It isn’t an invitation, just a statement of fact. I think, if it doesn’t bother him that I made a fool of myself, then I can’t let it bother me either. I have to be tough to bear my deeper feelings, which threaten to overwhelm me.

“I’d love to do that,” I say. “May and I both would.”

They smile at each other, clearly relieved. “Great,” Z.G. says, rubbing his hands together. “Now let’s get to work.”

May steps behind a screen and changes into red shorts and a cropped yellow top that ties behind her neck. Z.G. puts a scarf over her hair and ties it beneath her chin. I slip into a red bathing suit decorated with butterflies. It has a little skirt and a belt cinched at the waist. Z.G. pins a red and white bow in my hair. May gets onto a bicycle, one foot on a pedal, the other balancing on the floor. I place one hand over hers on the handlebar. My other hand steadies the bike on the back of May’s seat. She glances over her shoulder at me, and I stare at her. When Z.G. says, “That’s perfect. Hold it,” not once am I tempted to look at him. I stay focused on May, smile, and pretend that I couldn’t be happier than to push my sister’s bike along a grassy hill overlooking the ocean to promote Earth fly and mosquito spray.

Z.G. recognizes that holding this particular pose is difficult, so after a while he lets us have a break. He works on the background for a time, painting a sailboat on the waves, and then he asks, “May, shall we show Pearl what we’ve been working on?”

While May goes behind the screen to change, Z.G. puts away the bike, rolls up the backdrop, and then pulls a low chaise to the middle of the room. May returns, wearing a light robe, which she drops when she gets to the chaise. I don’t know what’s more startling-that she’s naked or that she seems utterly at ease.
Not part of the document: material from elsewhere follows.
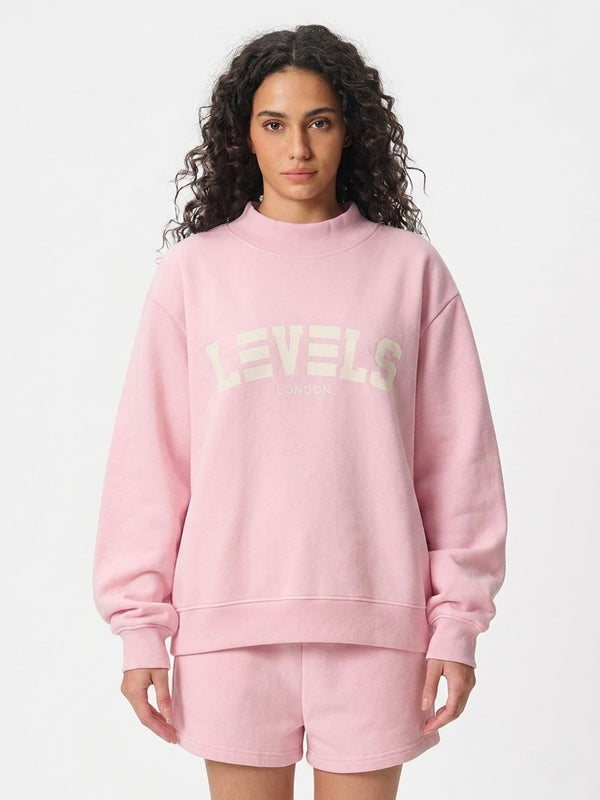 Arc Crew Sweatshirt & Shorts in four colours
She lies on her side, her elbow bent and her head resting on her hand. Z.G. drapes a piece of diaphanous silk over her hips and so lightly across her breasts that I can see her nipples. He disappears for a minute and returns with some pink peonies. He snips the stems and carefully places the blossoms around May. He then unveils the painting, which has been hidden under a cloth on an easel.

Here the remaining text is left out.